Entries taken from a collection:
[Start of Attachment]

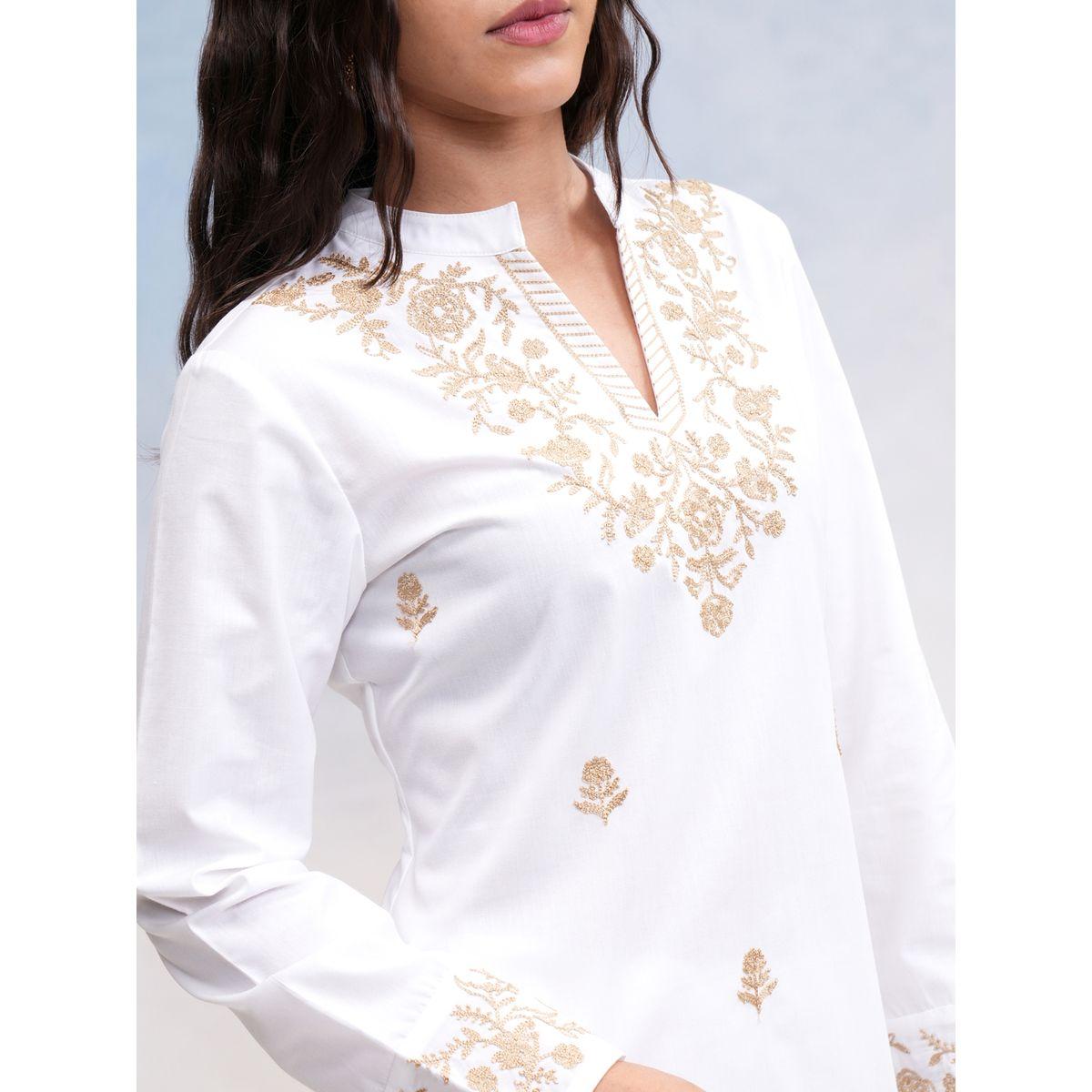 Vishudh X Styli  Embroidered Collared Top with Long Sleeves-women-clothing-shirtsandblouses-blouses-image-5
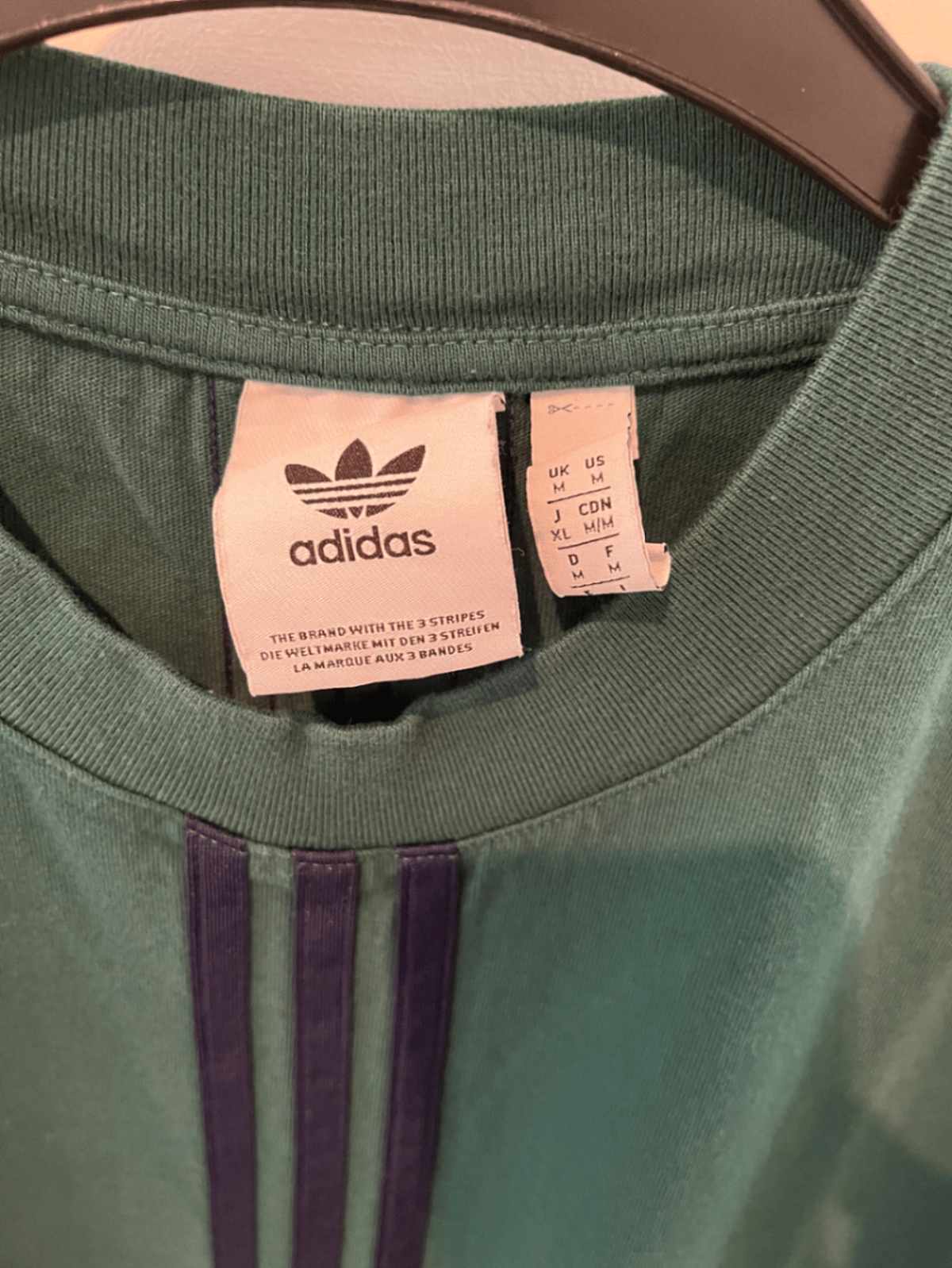 Adidas Green Vertical Stripe T-Shirt, photo 2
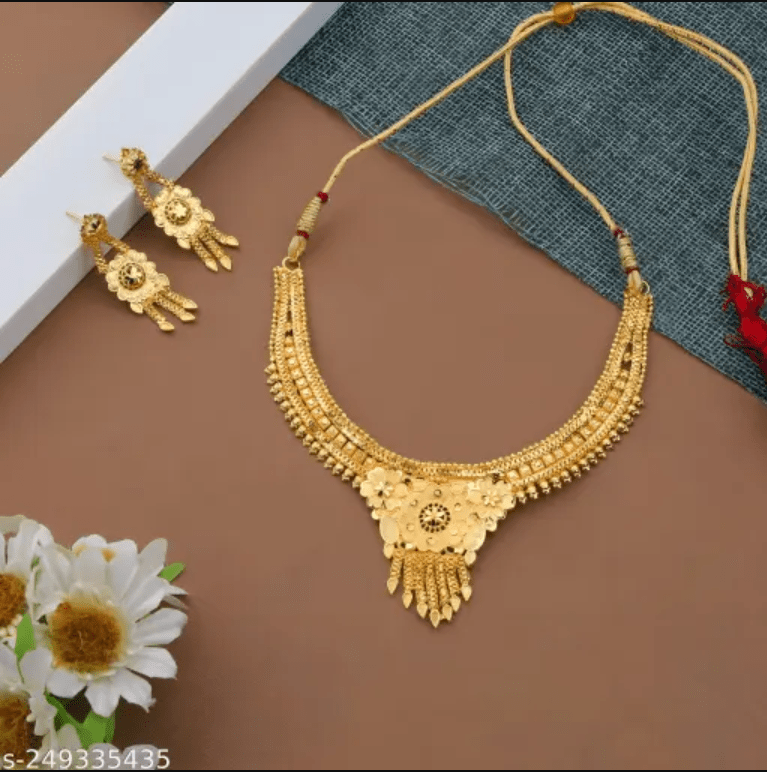 Jewellery Set Grand Look Gold Plated Necklace And Earring Set - Pickkart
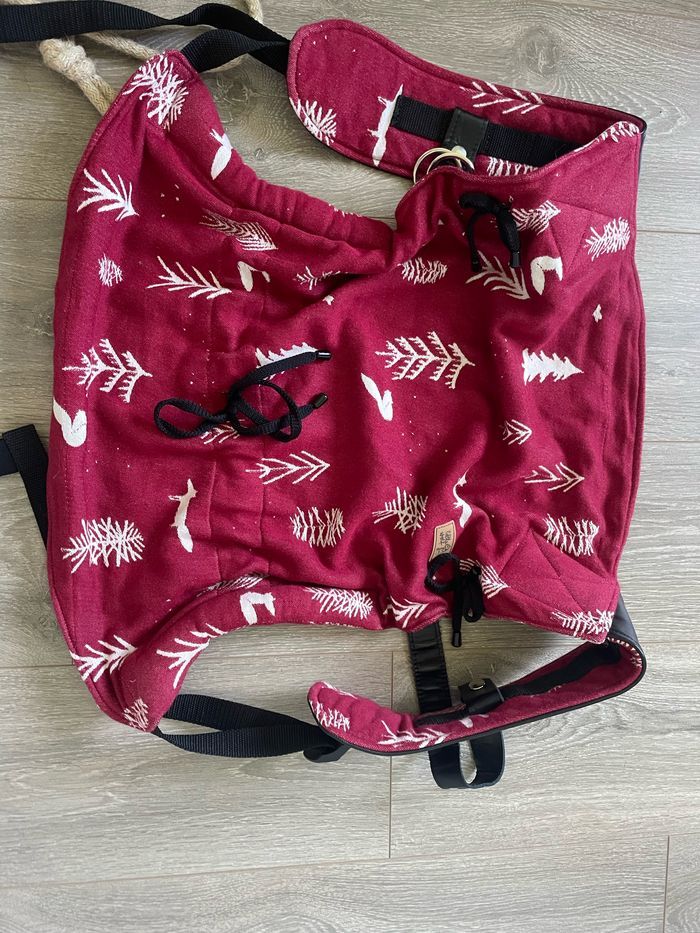 Portage Onbu Onbuhimo de couturière spécialisée Little Wolf taille grand toddler/preschool dans une écharpe de portage Roar Bordeaux Zen - photo numéro 6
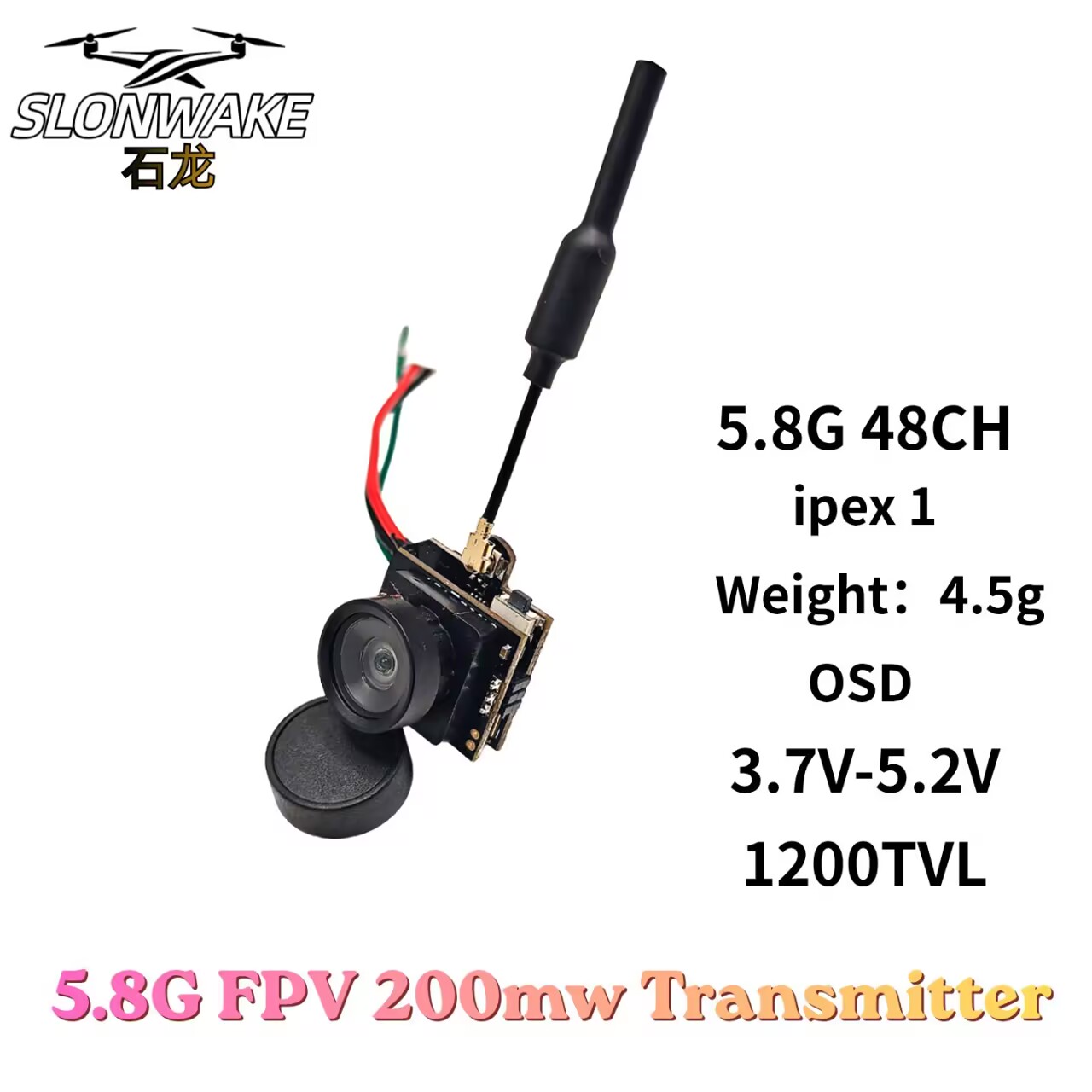 SLONWAKE 5.8G analoge VTX-tran - Drone Racing Camera recensie en prijs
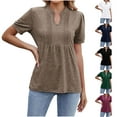 thumbnail image 2 of Fengactive Women's Notched V Neck Puff Short Sleeve Pleated Front Shirts Summer Cute Tops Casual Tunic Blouse, 2 of 4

[End of Attachment]

* Task requirements *
Give back exactly the lines above that run from the one with "Jewellery Set Grand" to the one with "SLONWAKE 5.8G analoge", including both, with the pictures left out.

* Task output *
 Jewellery Set Grand Look Gold Plated Necklace And Earring Set - Pickkart
 Portage Onbu Onbuhimo de couturière spécialisée Little Wolf taille grand toddler/preschool dans une écharpe de portage Roar Bordeaux Zen - photo numéro 6
 SLONWAKE 5.8G analoge VTX-tran - Drone Racing Camera recensie en prijs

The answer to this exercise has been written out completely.